• [Data supplied]:
★ ★ ★ ★ ★

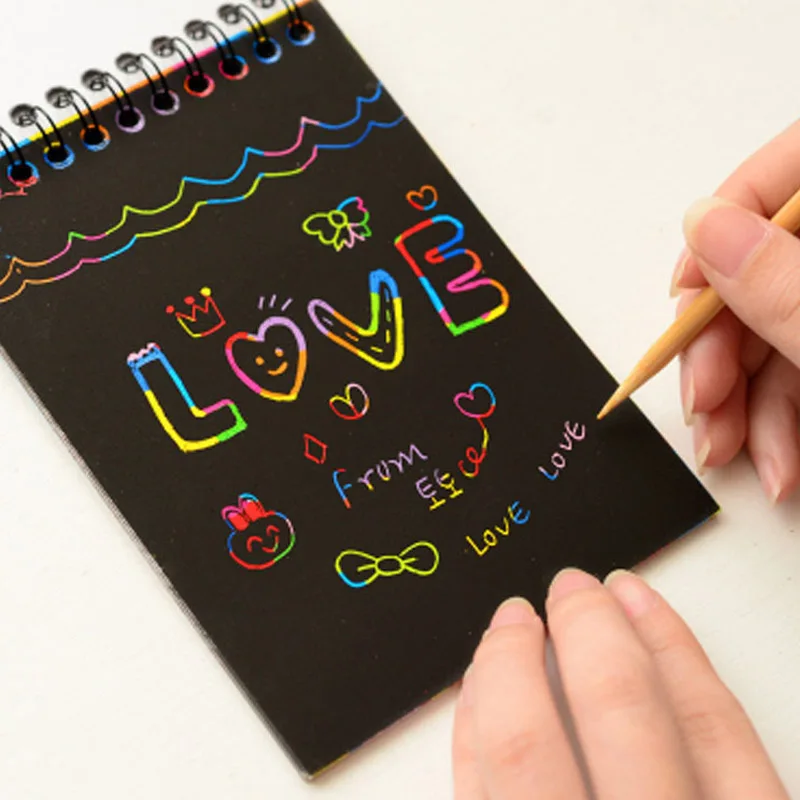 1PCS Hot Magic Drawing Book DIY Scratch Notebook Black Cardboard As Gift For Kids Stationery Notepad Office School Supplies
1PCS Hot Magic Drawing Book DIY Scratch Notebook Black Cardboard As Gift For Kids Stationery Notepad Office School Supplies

★ ★ ★ ★ ★

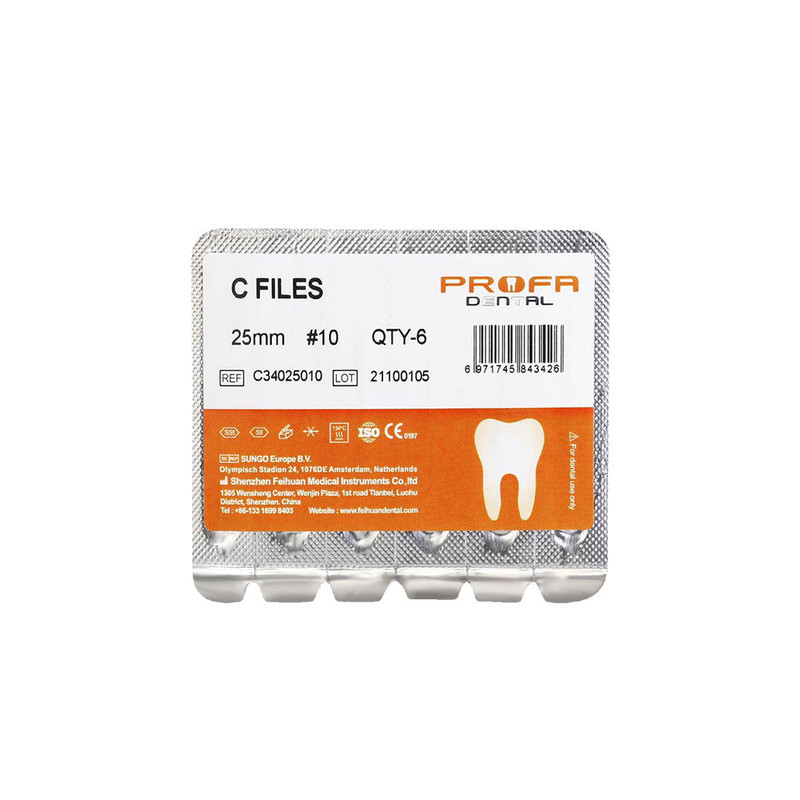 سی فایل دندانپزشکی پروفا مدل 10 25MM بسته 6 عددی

★ ★ ★ ★ ★

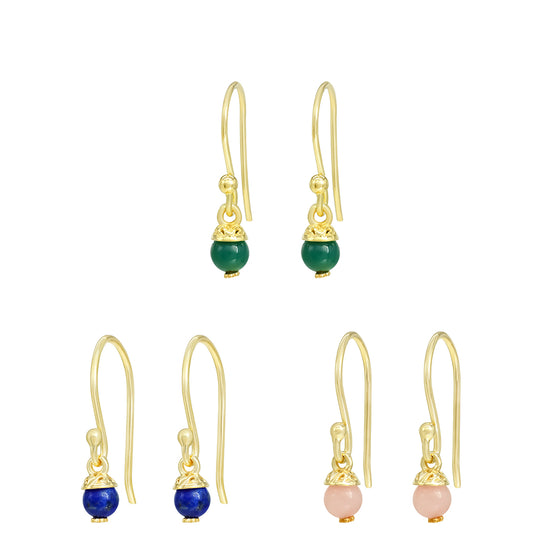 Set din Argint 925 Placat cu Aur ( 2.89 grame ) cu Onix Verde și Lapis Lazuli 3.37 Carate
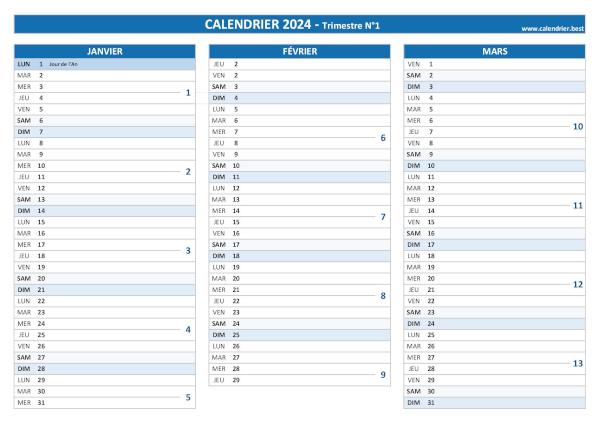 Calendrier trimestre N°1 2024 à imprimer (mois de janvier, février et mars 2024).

★ ★ ★ ★ ★

Beginning with the line above that contains "Set din Argint" and finishing with the line that contains "Calendrier trimestre N°1", print those lines exactly and only. Skip all pictures.

 Set din Argint 925 Placat cu Aur ( 2.89 grame ) cu Onix Verde și Lapis Lazuli 3.37 Carate
 Calendrier trimestre N°1 2024 à imprimer (mois de janvier, février et mars 2024).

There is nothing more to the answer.